CONTEXT IS KING
Mentalist and all around social theorizing provocateur Derren Brown posted on his blog a link to an interesting study chronicled in The Washington Post.
Brown writes:
A wonderful experiment conducted in a Washington DC Metro station. Playing some of the greatest music the human race has created, one of the finest violinists in the world anonymously busks: will his art cut through the rush and bustle of the commuters’ morning? Will a crowd form?
I love this article and find it very moving. It’s a splendid modern demonstration of the question of context and presentation in art, and what is required to form aesthetic appreciation.

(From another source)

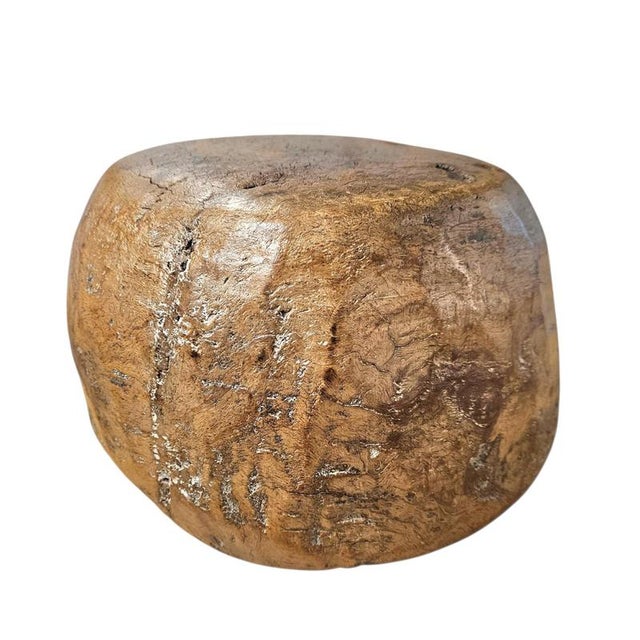 Hand-Hewn Carved Wooden Burl Bowl For Sale - Image 17 of 18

Gene Weingarten in The Washington Post has all the details: the violinist is Josh Bell, recent winner of the Avery Fisher prize, the violin is a Stradivari bought for $3.5 million, the subway is D.C.’s L’Enfant Plaza station, and Bell is playing some of the most demanding classical string music, including Bach’s “Chaconne.”
Of the purpose behind the experiment, Weingarten writes:
It’s an old epistemological debate, older, actually, than the koan about the tree in the forest. Plato weighed in on it, and philosophers for two millennia afterward: What is beauty? Is it a measurable fact (Gottfried Leibniz), or merely an opinion (David Hume), or is it a little of each, colored by the immediate state of mind of the observer (Immanuel Kant)?
The result? Bell draws no crowd and only earns a few bucks thrown into his tip jar. Are the D.C. metro viewers just too plebian in their tastes? Not necessarily. Again, from the article:
Mark Leithauser has held in his hands more great works of art than any king or Pope or Medici ever did. A senior curator at the National Gallery, he oversees the framing of the paintings. Leithauser thinks he has some idea of what happened at that Metro station.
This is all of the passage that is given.